Jovia Financial Credit Union will be airing 30-second regional spots before, during and after the Super Bowl.
The ads highlight the benefits of banking with Jovia. The credit union, headquartered in Westbury, reported $4.23 billion in assets in its 2022 annual report and more than 200,000 members. It has 22 locations and a little more than 500 employees, said Renu Dalessandro, chief marketing officer at Jovia.
Dalessandro said the credit union’s team members were geared up for “this very exciting time for the organization for this opportunity about spreading our message and mission.”
Jovia will be joining more than 50 advertisers vying for the eyes of the more than 100 million people expected to tune in this year to CBS (and Paramount+ and Nickelodeon) on Super Bowl Sunday (Feb. 11). Last year’s broadcast on Fox was watched by a record 115.1 million viewers, according to Nielsen.
Among those advertising this year are Budweiser, with its iconic Clydesdales, Michelob Ultra with the iconic star power of soccer legend Lionel Messi, and Uber Eats with Jennifer Aniston.
Jovia’s campaign follows acquisitions and charter changes that allow the credit union to expand nationally. Now, the organization is “getting into the game” by launching TV commercials, a regional marketing blitz and an internal employee engagement program that includes a social media lift to build buzz.
With the Super Bowl regional ad, the credit union can promote its brand beyond Long Island and into the five boroughs, parts of northern New Jersey, Westchester County and up to Stamford, Conn.

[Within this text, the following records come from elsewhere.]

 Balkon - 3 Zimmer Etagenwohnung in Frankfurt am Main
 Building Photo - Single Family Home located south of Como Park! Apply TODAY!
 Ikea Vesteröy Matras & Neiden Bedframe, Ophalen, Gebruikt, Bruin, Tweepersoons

Some organizations are releasing their ads ahead of game day, while others are staying mum. Without providing too much detail, Dalessandro described Jovia’s campaign as “a play on nonprofit banking” that is “fun” and “edgy,” adding that it “will make you laugh.” The campaign will be incorporated into a rotation of ads, including print, digital and out-of-home, such as billboards, posters and more. She said the credit union will take the campaign’s concept “even further” than what airs on Super Bowl Sunday so that people “get to know who we are, our benefits and how we can help as a financial solutions provider.”
She said the opportunity to advertise during the Super Bowl only presented itself in the fall of 2023, giving the team just a few months to work on the campaign.
“The regional Super Bowl television commercial we have produced fits within our media budget and is in complete alignment with the marketing efforts and commitments we have established for 2024,” she said. “This expands beyond the big game, yet [there is] no bigger stage to launch it.”
The team, she said, considered every angle when developing the campaign, “working closely with our CEO,” who she said was the effort’s “biggest advocate.”
Internally, she said, team members are having fun with the campaign, as they get t-shirts and other related swag, take part in contests and trivia activities.
“It gives the employees an opportunity to be part of the whole experience,” she said.
The credit union is encouraging employees to wear their t-shirts and send in social media posts and share recipes that show their game-day experience.
“It’s an investment into our future,” Dalessandro said. “We want to connect with larger, diverse audiences.”
The Associated Press contributed to this report.